The house, admittedly, was a wreck. But when, in 2002, Victoria St. John Gilligan saw the late 18th-century stone house near Kingston, New York, she fell for its vernacular beauty. “I saw it listed at the local real estate office,” she recalls. “Later, I went for a walk and looked in the windows. The house was a shambles, but a diamond in the rough—immediately, I was in love. I fell for the patina of the old floorboards. You can’t buy patina.”

Geoffrey Gross

Victoria apparently has an ancestral affinity for old houses. “My grandmother loved old houses and collected antiques,” she explains, adding that her parents, too, appreciated the rich and varied historic architecture of the Upper Hudson River Valley, where Victoria grew up. When she investigated the stone house in rural High Falls, she saw that its essential structure was intact, thanks to the longevity of stone. Likely built between 1776 and 1782, the house was said to have been built by a member of the prominent Van Wagenen family. In 1682 a house had stood on the site; possibly, it belonged to the same family, who decided to replace the old homestead with something more modern 100 years later. By the time Victoria came along, the 18th-century home had suffered from more recent alterations, including a division of the master bedroom into three small rooms.

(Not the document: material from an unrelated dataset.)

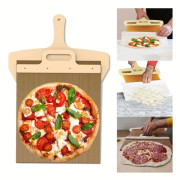 Pizzaspade - Non-Stick Yta, Långt Handtag, Lätt att Glida in i Ugnen, Perfekt för Överföring av Pizza, Tål Maskindisk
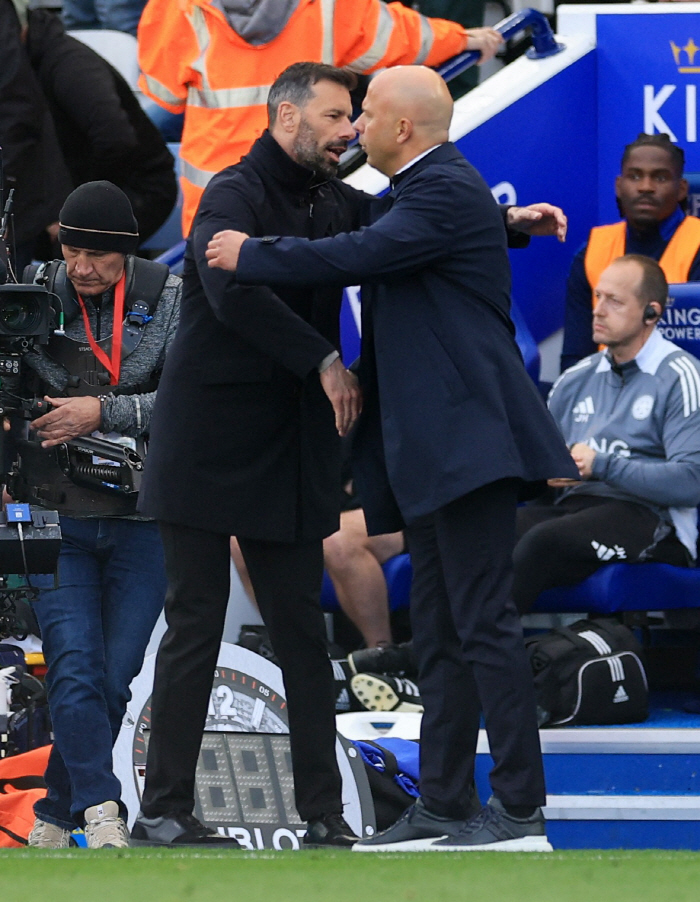Jisung, don't coach Leicester City, after all, relegation ends in one season, and coach Van Nistelrooy, his best friend, is also likely to be replaced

Victoria contacted restoration expert Charles Glasner, who has worked with her ever since as she purchased and restored other historic houses in the area. (Among these is the 1795 Luke Kiersted House, the oldest frame house in Kingston.) After Victoria purchased the Van Wagenen Homestead, she and Charles launched into a restoration project that introduced new systems and bathrooms while bringing the original layout back to the 18th-century rooms. The two do not entirely agree on the nomenclature of the house. Victoria calls it a Dutch Colonial house, but Glasner thinks its style vocabulary is more English than Dutch.

“Dutch stone houses had wood gable ends. By the time this house was built,” Charles muses, “the English had supplanted the Dutch along the Hudson River. This one has a vernacular mix of styles.”

Victoria and Charles agree that the dining-room mantel is Georgian, an English style dating to the colonial period. Yet the house has many characteristics of the Dutch architecture that stretched along the waterways of New York and New Jersey during the 17th and 18th centuries. These include its native stone construction, shutters with recessed panels and H and L hinges, and the two massive gable-end chimneys.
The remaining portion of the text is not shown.